Every line of the data that contains the string "Storage" must be copied.
INPUT Block Start
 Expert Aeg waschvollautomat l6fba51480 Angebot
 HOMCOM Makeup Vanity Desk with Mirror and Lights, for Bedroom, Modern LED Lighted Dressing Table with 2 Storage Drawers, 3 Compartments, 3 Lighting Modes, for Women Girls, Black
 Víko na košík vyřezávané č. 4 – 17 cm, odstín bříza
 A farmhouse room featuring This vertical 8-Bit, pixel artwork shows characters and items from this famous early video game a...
INPUT Block End
INPUT Block Start
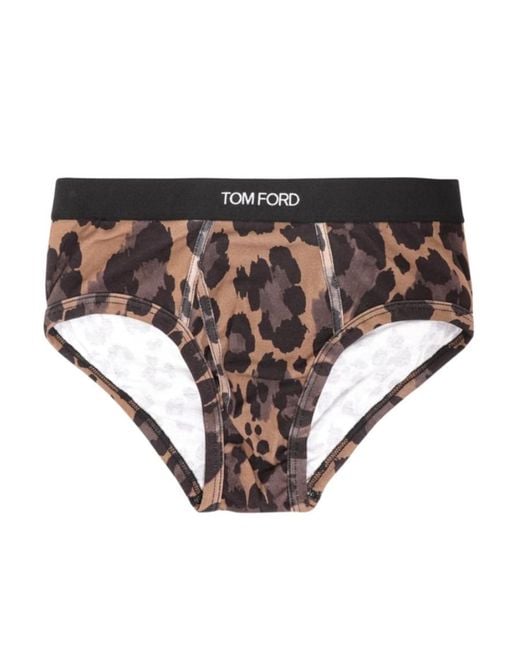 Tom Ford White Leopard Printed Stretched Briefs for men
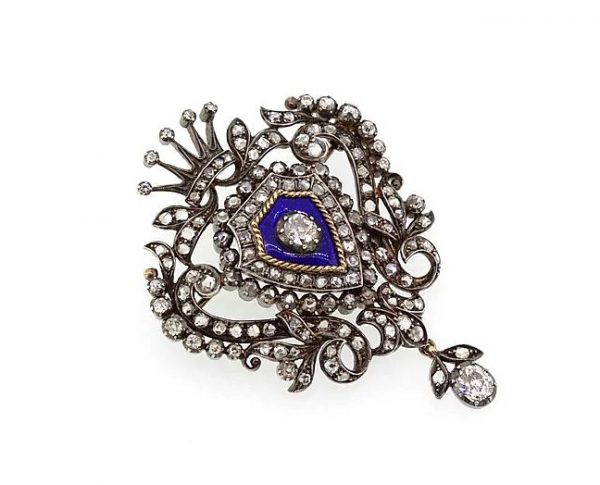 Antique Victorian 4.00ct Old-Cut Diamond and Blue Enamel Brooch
INPUT Block End
INPUT Block Start
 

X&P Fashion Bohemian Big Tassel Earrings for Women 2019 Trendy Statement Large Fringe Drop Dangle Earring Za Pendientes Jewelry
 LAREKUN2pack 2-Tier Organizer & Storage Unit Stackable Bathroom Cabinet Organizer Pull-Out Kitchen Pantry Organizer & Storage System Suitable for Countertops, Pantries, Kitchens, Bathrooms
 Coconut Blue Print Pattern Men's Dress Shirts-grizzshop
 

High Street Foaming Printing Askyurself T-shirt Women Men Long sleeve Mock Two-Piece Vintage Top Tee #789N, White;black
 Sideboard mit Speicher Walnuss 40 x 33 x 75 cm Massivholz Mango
INPUT Block End
ANSWER SPACE →
 HOMCOM Makeup Vanity Desk with Mirror and Lights, for Bedroom, Modern LED Lighted Dressing Table with 2 Storage Drawers, 3 Compartments, 3 Lighting Modes, for Women Girls, Black
 LAREKUN2pack 2-Tier Organizer & Storage Unit Stackable Bathroom Cabinet Organizer Pull-Out Kitchen Pantry Organizer & Storage System Suitable for Countertops, Pantries, Kitchens, Bathrooms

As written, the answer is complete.